I wish I had some tips. I have not been out in a long time. I myself am planning on fishing Thursday and Friday. I live in Biloxi but am trailering the boat to Venice. I was planning to overnight on Thursday. But the thousand dollar question is where I should head to. I was debating on running to mars or possibly east to horn mountain. I know a lot of people are still fishing the shelf over there. Therefore, I don't want to run a long distance and get skunked most I the trip when I could have caught more in 200-400' of water.

Decisions to be made.....


----------



## MSViking (Oct 11, 2007)

In my book any trip out to the rigs with your kids that ends safe and sound with everyone having a good time is awesome! Some my best trips have been ones in which I showed the life around the rigs to my daughters.

Glad you were able to get out there and enjoy the calm seas and warm temps!


----------



## Mikvi (Mar 11, 2008)

Wicked rods said:


> The fish boiling the water right on Petronius look like over size hard tails. The fish the were off the rig about half mile blasting the top look like tuna to me and had same actions but like I stated one knock down fish got off. Headed out Thursday straight to Petronius if not luck there horn mountain. If weather hold together. I will update thanks to all you guys and info. or tips would be greatly appreciated.

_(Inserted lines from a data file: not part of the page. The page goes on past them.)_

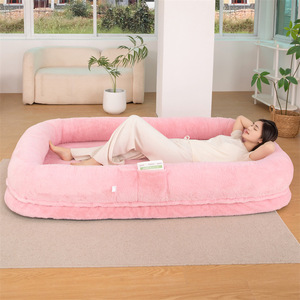 <span class=keywords><strong>Sofa</strong></span> tempat tidur kain lepas pasang, dapat dicuci, ukuran ekstra besar untuk anjing raksasa dan orang yang malas, bentuk persegi panjang. - Product Image 2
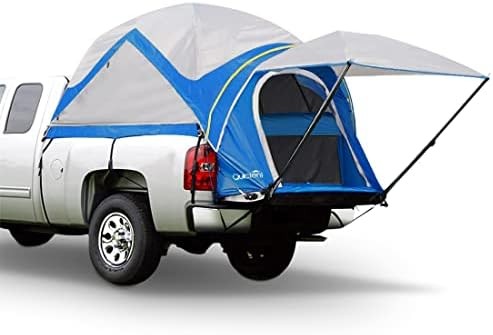 Quictent Pickup Truck Tent for 5.5-5.8'/6.0-6.3'/6.4-6.7'/8.0-8.2'/5.0-5.2' Bed, Waterproof PU2000mm 2-Person Sleeping Capacity Truck Bed Tent with Removable Awning, Rainfly ＆ Storage Bag Included
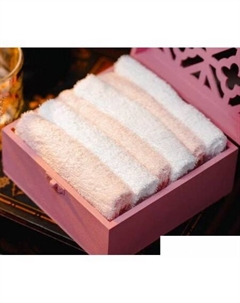 Набор полотенец Case Pink 8680943098122 (белый/розовый) Arya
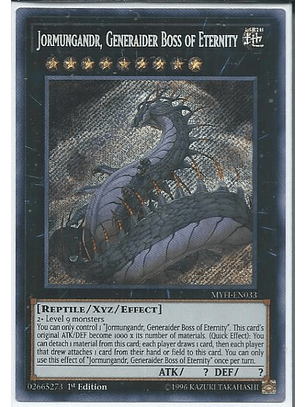Jormungandr, Generaider Boss of Eternity - MYFI-EN033 - Secret Rare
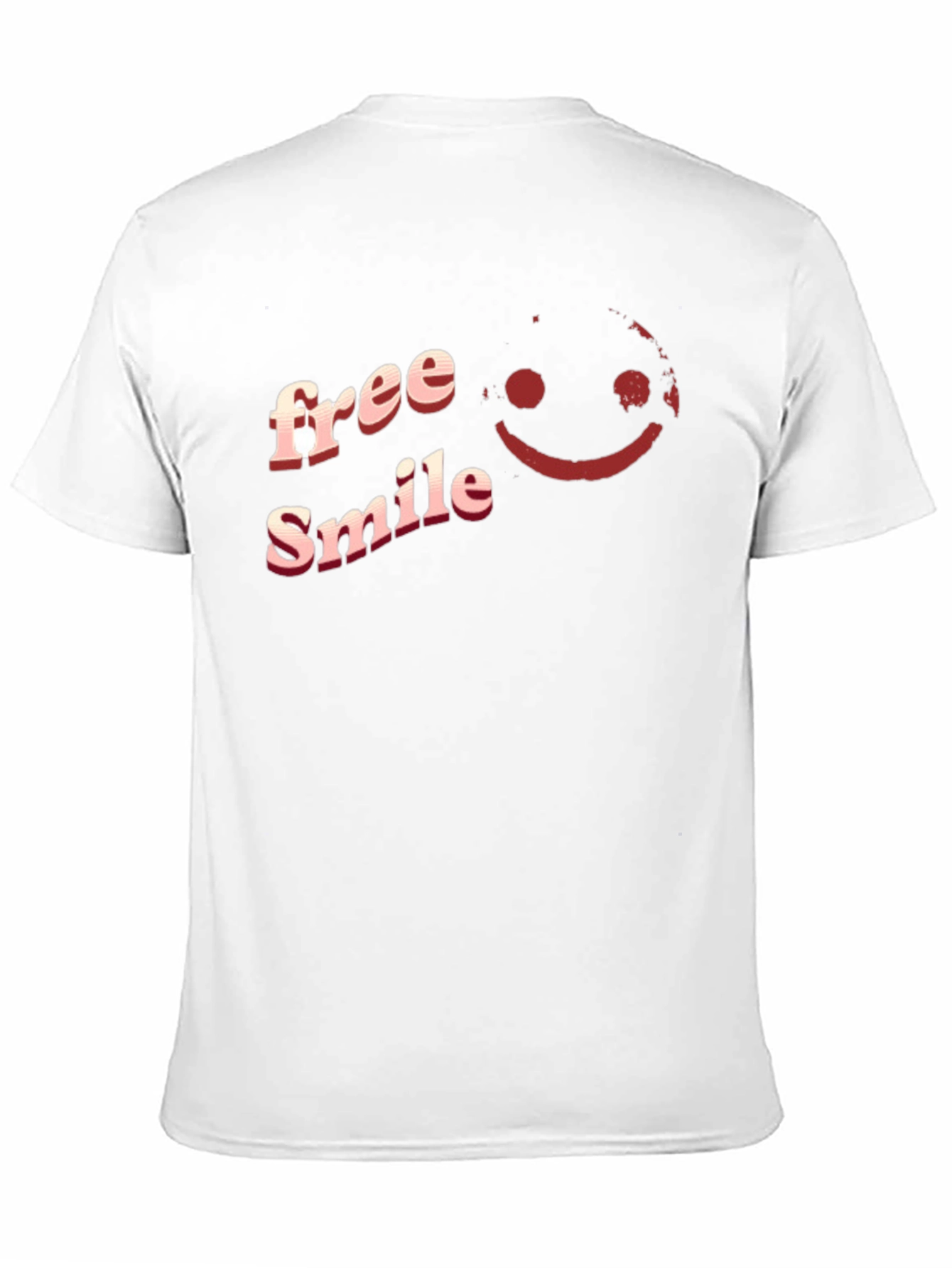 Free Smile Graphic T-Shirt Casual Black Tee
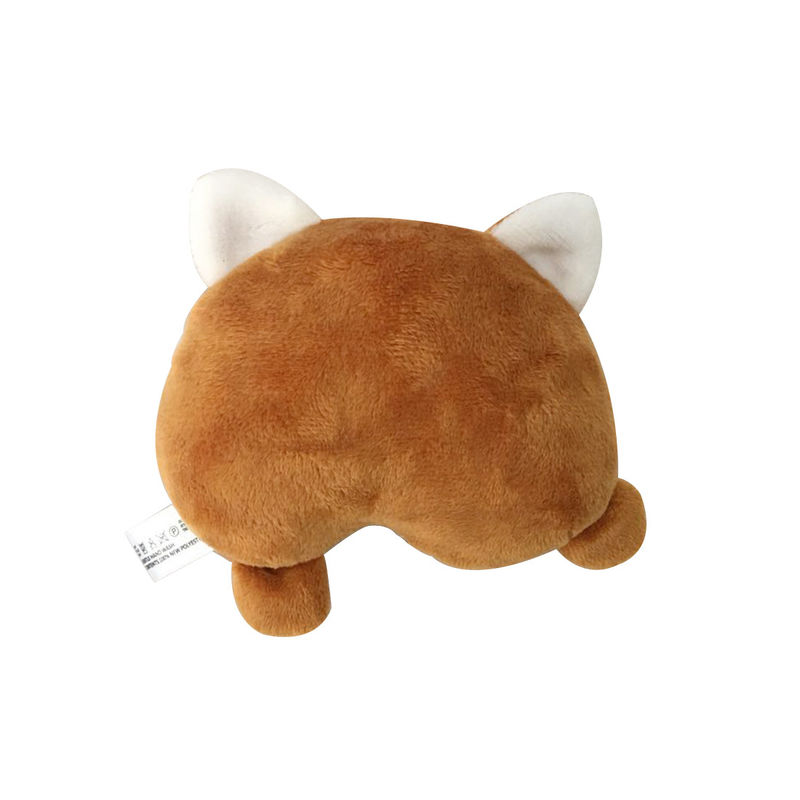 Corgi Butt Shape Dog Pet Toys Soft Plush Dog Squeaky Toy 37g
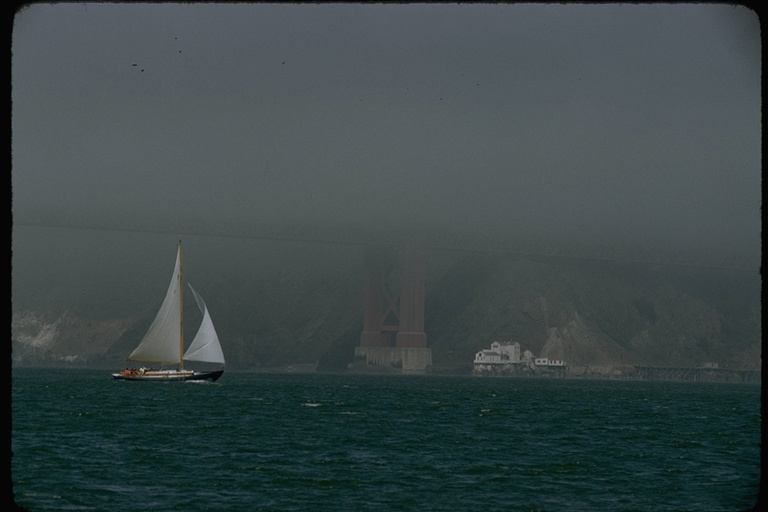 Sailboats on San Francisco Bay, San Francisco, CA, USA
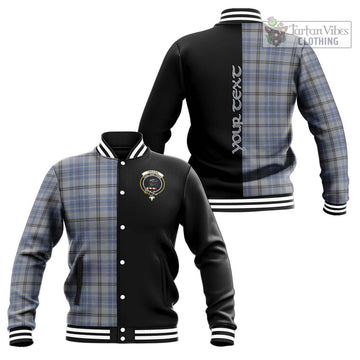 Tweedie Tartan Baseball Jacket with Family Crest and Half Of Me Style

We saw the same thing at night. There was a big school of Skipjack busting up at the edge of the light. Blackfin were also there in numbers, and we caught several on big poppers. Hardtails were in closer to the rig, as was Flipper and sharks:001_huh:

I really like that new 1KW transducer


----------



## WhyMe (Apr 21, 2013)

Good report. 
Whyme
Mako My Dayo


----------



## Lady J (Jul 14, 2013)

Just got back from Venice yesterday. Had to cut the trip short as I lost radar and GPS at times and didn't trust it in the FOG that was there every day & night! 

As far as tuna, they were being caught in/around the SP 93's, & SP 143 but due to all the rain the week before the water was like coffee. I fished Lena, Elf, Moxie & Cognac and had limited hookups.

It seems like all the quality tuna and wahoo were being caught at Mars. You really had to go that far out to see blue water.

Again, if you plan on traversing any of the passes, use your radar! It's so thick that following someone safely is not an option.

Tight lines....


----------